Looking to defray the cost of the new iPhone 4S by getting some money for your old iPhone, Android phone, or BlackBerry? Well, you could try selling it on eBay or Craigslist, but more and more people are picking an easier route: companies and stores that exchange your old electronics for cash or credit.
Going the trade-in way means avoiding the hassle of finding a buyer for your old smartphone—but it also involves taking a leap of faith, given that you’ll have to wait days or even weeks after sending off your handset before you see a dime.
Don’t pack up your iPhone or Android device and send it off to a bunch of strangers without taking a gander at these five tips, starting with…
1. Shop around
Don’t just go with the first trade-in service you find on Google. After checking out just a few online trade-in sites, I found offers for a 16GB iPhone 4 in good condition ranging from about $150 to more than $260. Doing just a little extra legwork can really pay off.
2. Don’t forget the charger
The trade-in value for your phone will go up a notch if you include its original power cord—not a lot, mind you, but every little bit counts.
3. Wipe your phone before you hand it over
Some trade-in services promise that they’ll erase all the personal data on your phone as soon as they receive it, but don’t take their word for it. Make sure to wipe your phone’s memory completely before you drop it in the mail or hand it over to a clerk; here’s how to do it.
4. Read the fine print
So, you sent your phone in to a trade-in center, they looked it over, and they don’t agree with your judgement that it’s in “good” condition—and indeed, they may even decide that your old phone is worthless. What happens next?
Well, some trade-in companies will give you the chance to back out of the deal and ask for your phone back. Others, however, have more of a “sorry, you’re out of luck” policy—meaning that once you’ve sent them your phone, you’ll never get it back, even if they decide its value is zilch.
So, how can you make sure you’re dealing with one of the good guys? Simple: read the fine print, and make sure the trade-in company you’re considering will return your phone if you can’t agree on a price.

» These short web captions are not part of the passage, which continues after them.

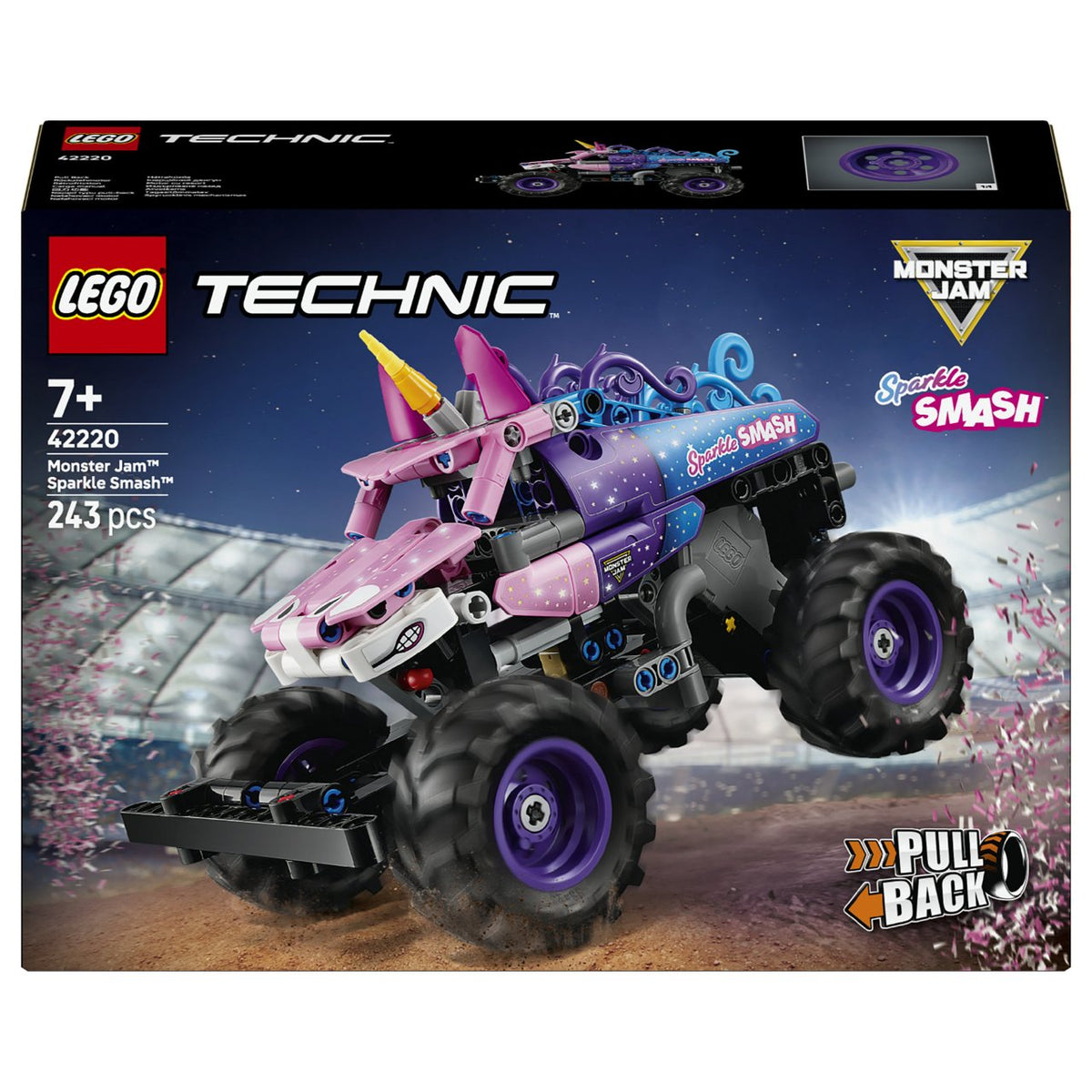 LEGO 42220 Technic Monster Jam Sparkle Smash mit Rckziehmotor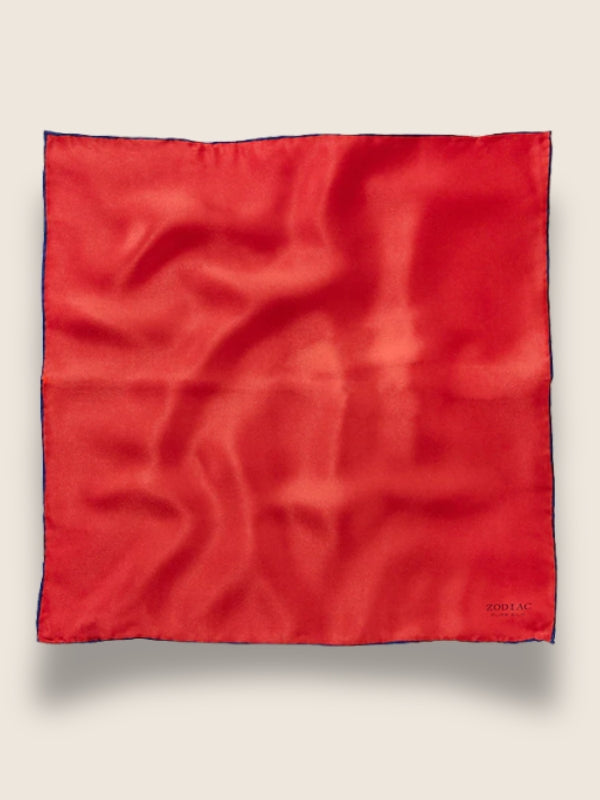 Red/Navy Solid Silk Pocket Square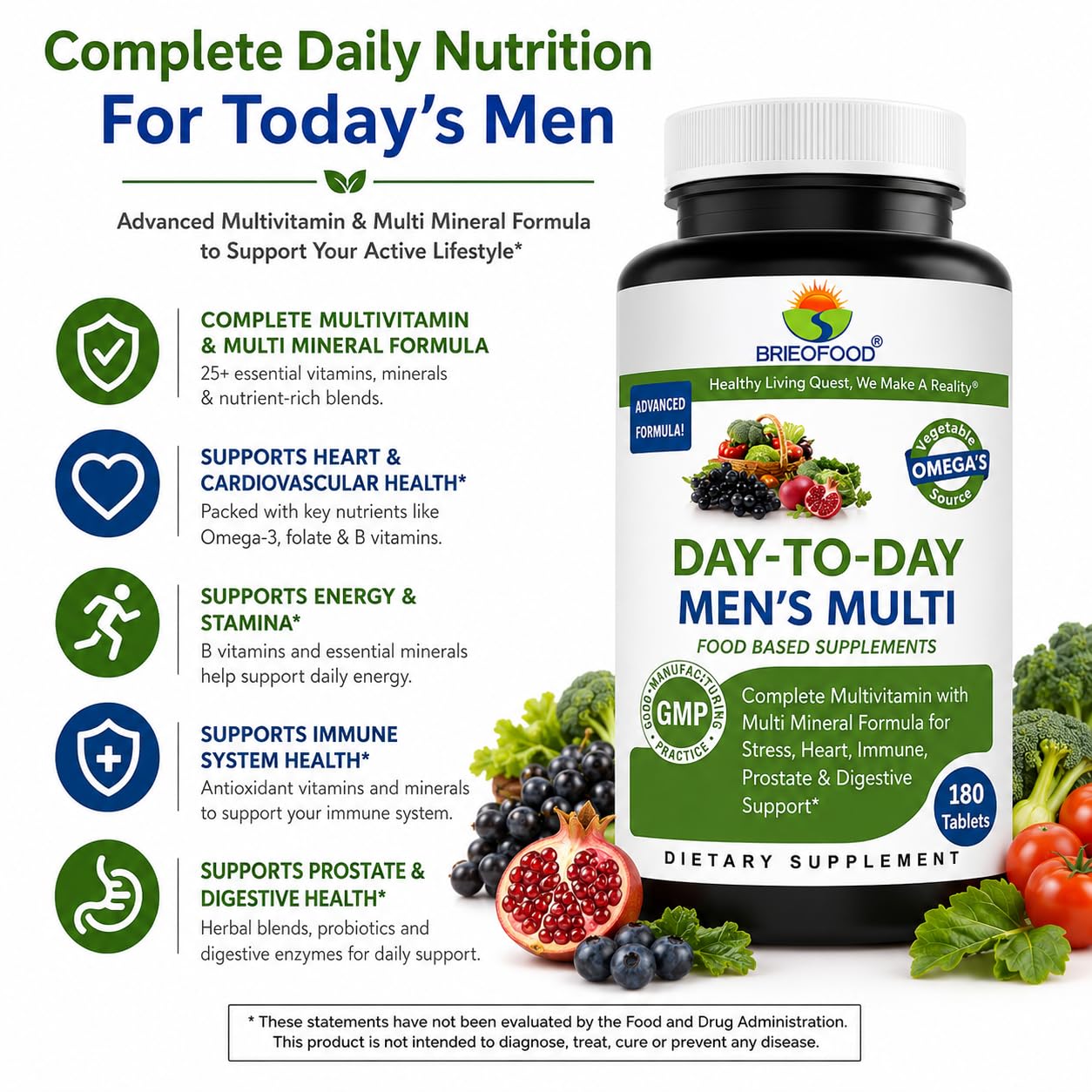 Brieofood BRIOFOOD Day-to-Day Men's Multi 180 Tablets
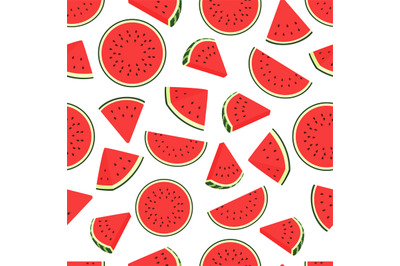 Piece watermelon pattern. Seamless watermelons transparent pattern. Ve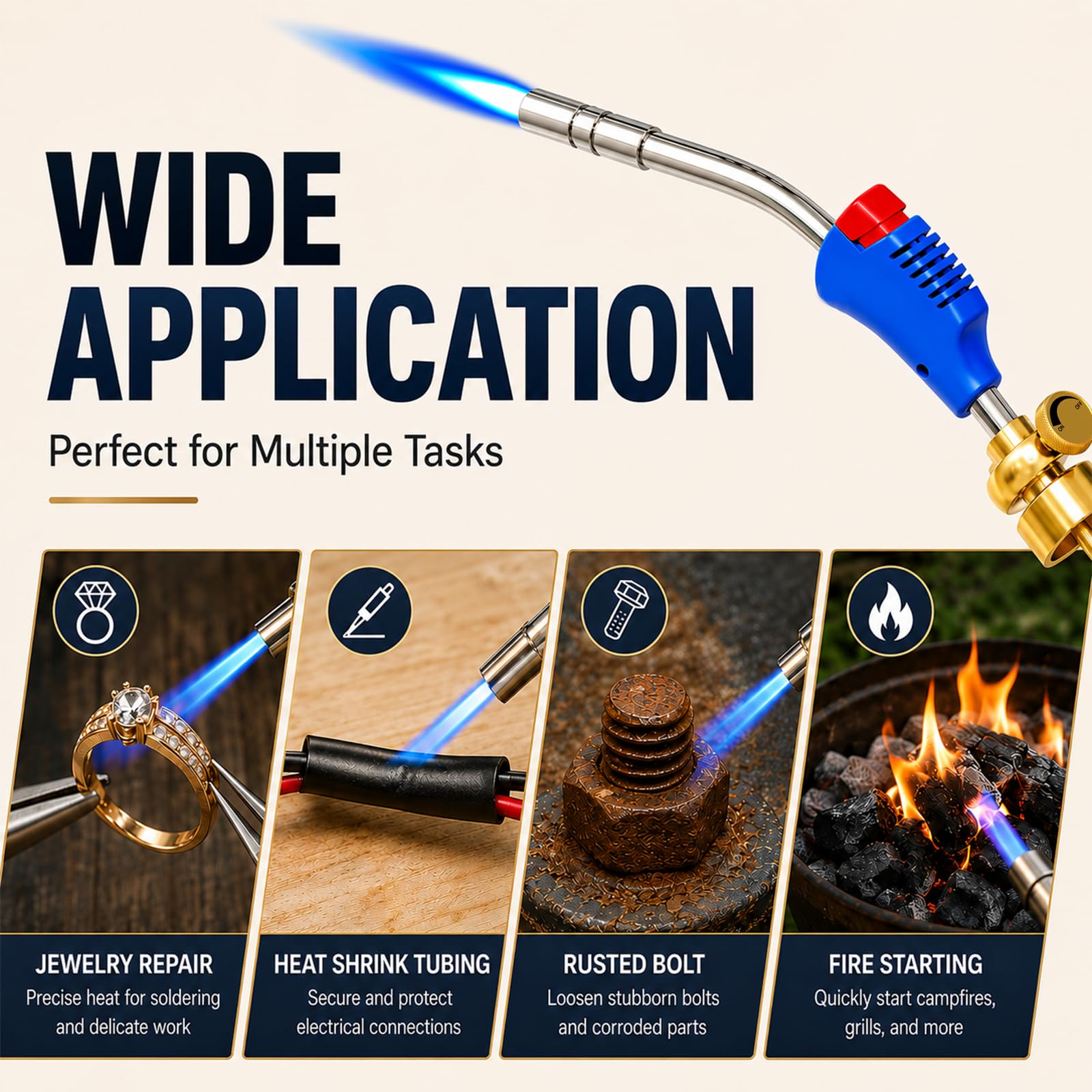 Mapp Gas Torch Head, 360° Rotatable Propane Torch, Welding Torch — Amazon image 3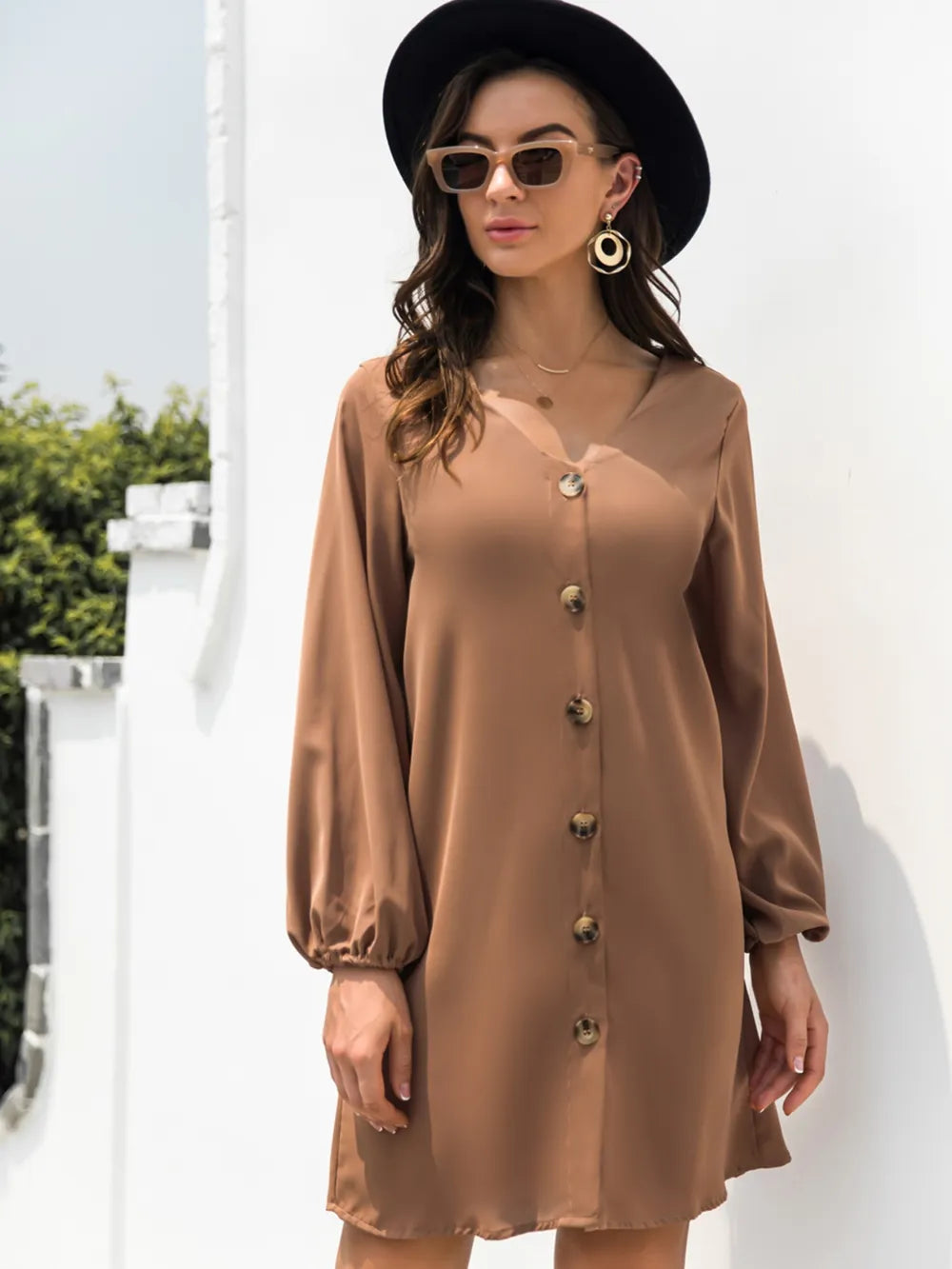 V-neck Long Sleeve Mini Dress (4)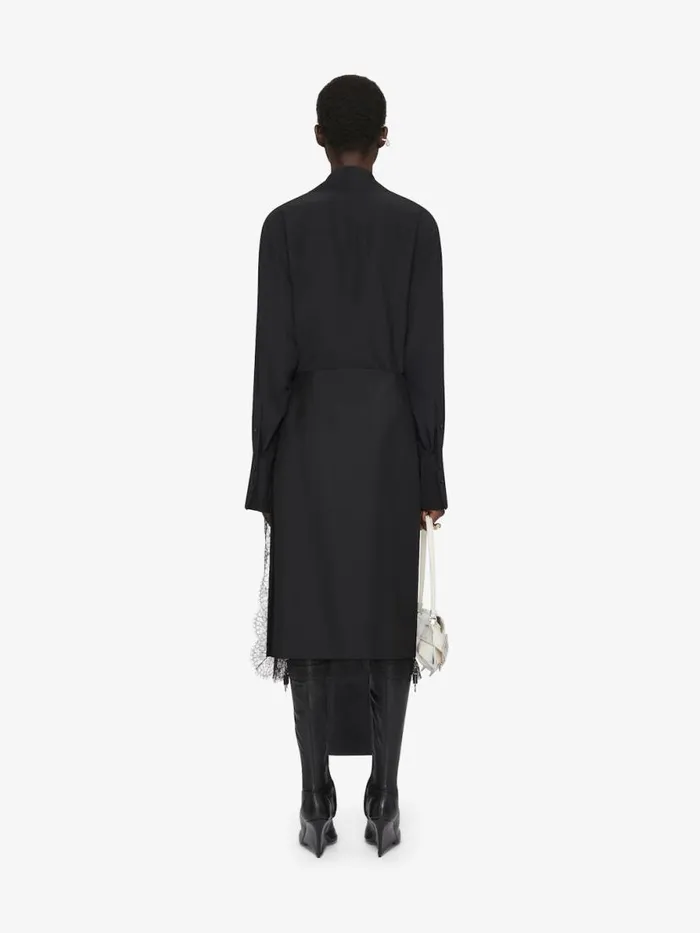 Skirt In Wool And Mohair With Lace Black Women Givenchy Skirts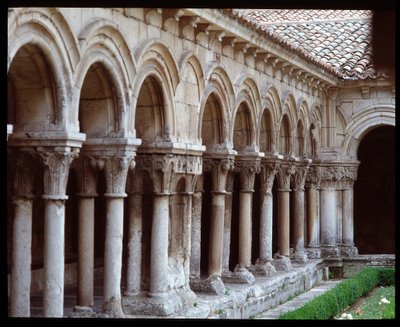 View of the cloister of the Royal Monastery of Las Huelgas de Burgos by Romanesque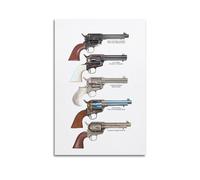 JLTC Poster vintage d'armes à feu Revolver - Impression sur toile - Décoration murale moderne pour chambre à coucher - 40 x 60 cm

5. Go to the trade-in counter in person
If you’re really paranoid about falling victim to a disreputable trade-in company (and based on the number of horror stories I’ve heard, you’re probably not being paranoid), you might want to trade in your phone at an actual store rather than dropping it in the mail. That way, you can get an instant quote from a real person—and if you don’t like the quote, just take your phone back and leave.